Tema: Se tu conoscessi il dono di Dio…6
Canto iniziale: Salmo 138 (1a strofa)
Ognuno è invitato a leggere il brano e ad appuntare le reazioni e impressioni
Canto: Salmo 63 (rit.)
Gv 4,27-30
In quel momento giunsero i suoi discepoli e si meravigliavano che parlasse con una donna. Nessuno tuttavia disse: «Che cosa cerchi?», o: «Di che cosa parli con lei?». La donna intanto lasciò la sua anfora, andò in città e disse alla gente: «Venite a vedere un uomo che mi ha detto tutto quello che ho fatto. Che sia lui il Cristo?». Uscirono dalla città e andavano da lui.
Commento
Nel dialogo precedente Gesù aveva proposto alla Samaritana un salto dalla religione alla fede e ora lei, dopo aver ascoltato le parole di Gesù, deve decidere se rimanere in una vita inconcludente e autosufficiente, perché finora si è data da sola le risposte rispetto alla fede e ai suoi bisogni, o abbandonarsi nelle mani di un altro, smettendo di fare i propri calcoli.
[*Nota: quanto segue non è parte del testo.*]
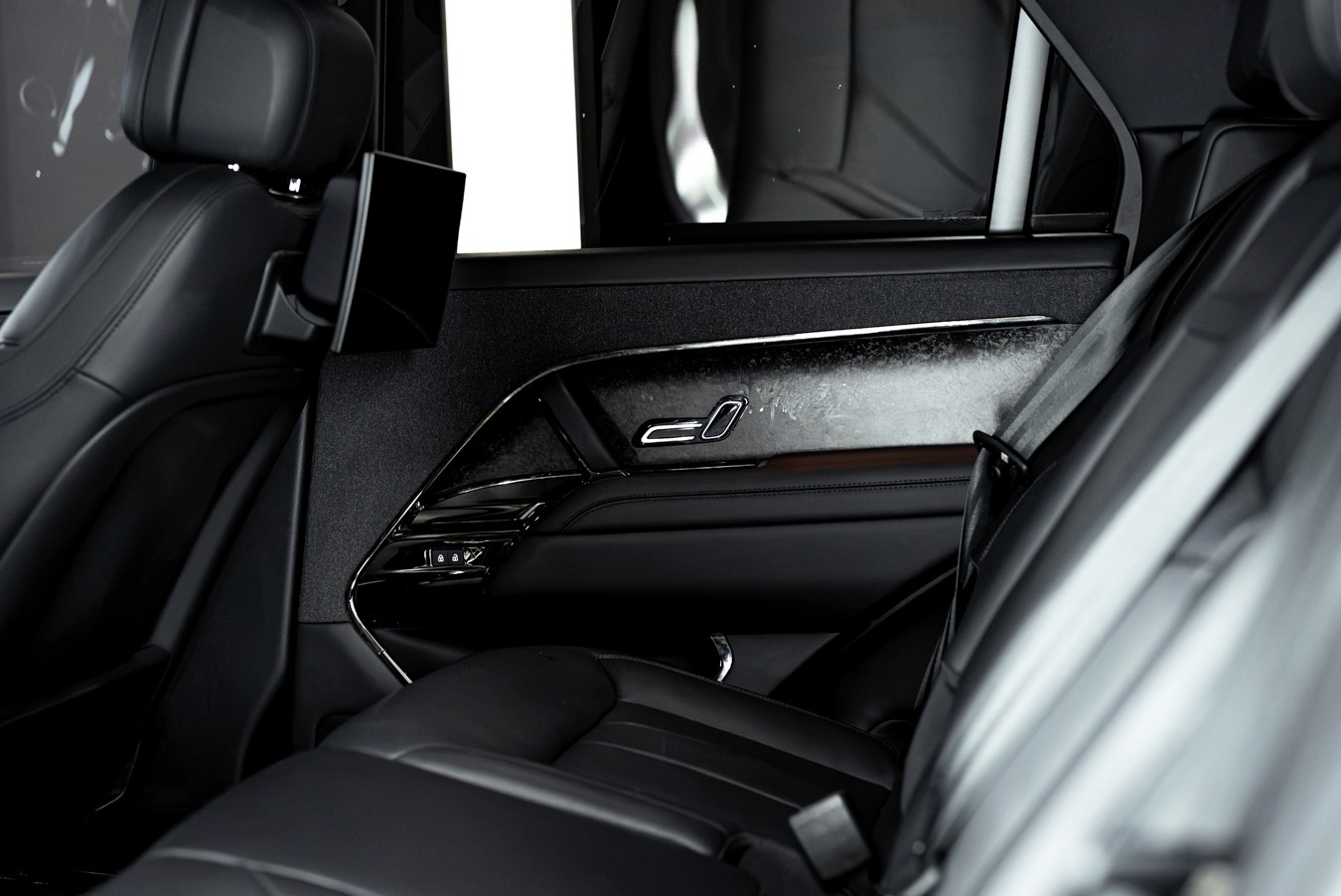 2023 Range Rover Sport SE Dynamic, photo 35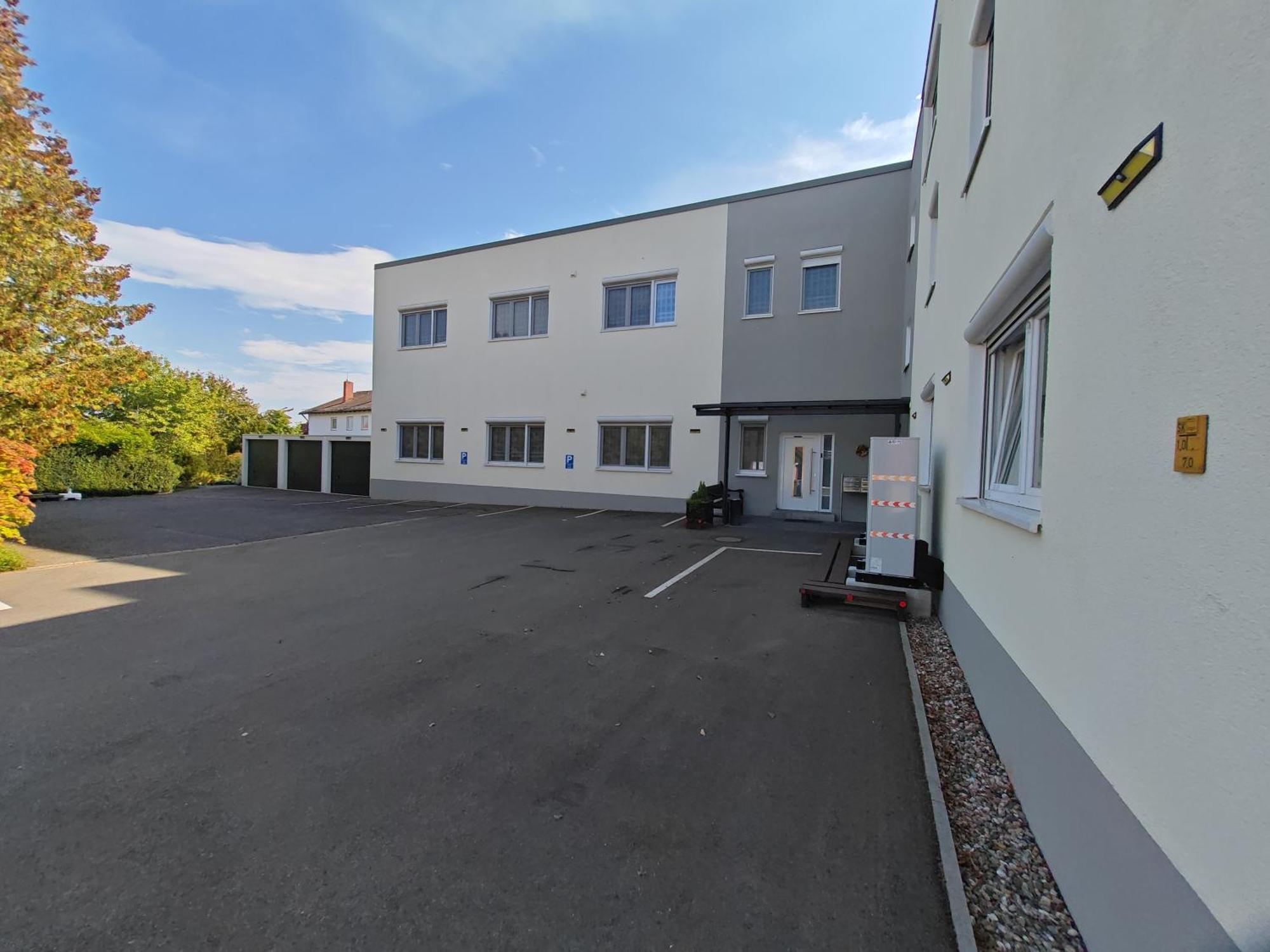 Apartment E1 - Gut Ausgestattete 3-Zimmerwohnung 68 Qm Fuer 1-5 Personen 2Xzz 1Xsc 格拉芬韦赫尔 外观 照片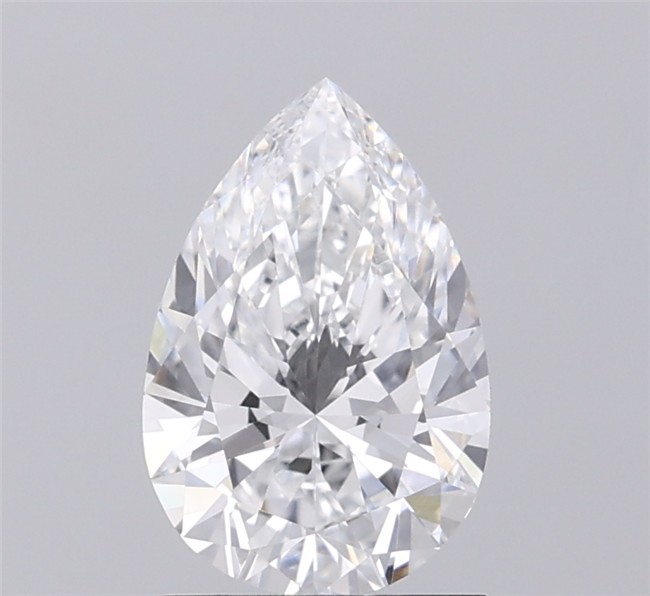 1.50 ct. pear Lab Grown Diamond front image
La donna deve decidere cioè se rimanere nella fragilità psicologica, rispetto alla considerazione che gli altri hanno di lei; morale, rispetto alle risposte che dà ai suoi bisogni; relazionale, rispetto al fatto che evita gli incontri personali; sociale, per il fatto che è fuori dalle cerchie.
Per la Samaritana non è facile decidere di aderire a Gesù, ma Gesù non si lascia rinchiudere nelle attese della donna, non le dà risposte e non dice nulla rispetto ai suoi bisogni, si ferma invece alla rivelazione di se stesso.
Emerge così il fatto che solo l'incontro con il Signore cambia la vita, e se noi non riusciamo a cambiare è perché non abbiamo incontrato il Signore, ma abbiamo forse incontrato solo una proiezione di noi stessi.
Nel brano l'evangelista presenta due scene.
La prima ha come protagonisti i discepoli che sono tornati da Gesù: vedono, giudicano, ma non chiedono. Stanno già da tempo con il Signore, eppure non hanno una comprensione di lui pari a quella della Samaritana.
Nella seconda scena c'è la donna, che, ancora non del tutto convinta, torna nella città e si chiede se quell'uomo che ha incontrato sia davvero il Messia. Si è mossa ed è diventata così annunciatrice: ha cominciato a gustare l'acqua viva e ha visto che la fede è frutto dell'incontro con il Signore.
Nelle due scene emerge la sproporzione tra l'amore di Dio e la fede fragile degli uomini. Eppure questa fragilità è già la gioia di Dio. La donna ha fatto l'esperienza di essere considerata e, a partire da questo, sviluppa un modo nuovo di essere attenta alla città e alla sua gente. La donna lascia la sua brocca. L'evangelista sottolinea questo gesto per dire che discepoli non sono solo gli uomini, ma anche le donne.
La Samaritana è anche furba, perché, tornando dalla sua gente, desta curiosità, non dice ciò che pensa di Gesù, ma si scopre, dicendo che quell'uomo conosceva tutti quegli aspetti della sua vita che erano ben noti in città. Così il suo annuncio ha l'effetto di condurre tutti all'incontro con Gesù.
Il Signore, a cui interessa la conversione del cuore di questa donna che non si è ancora pentita, sa valutare i passi e sa attendere con pazienza.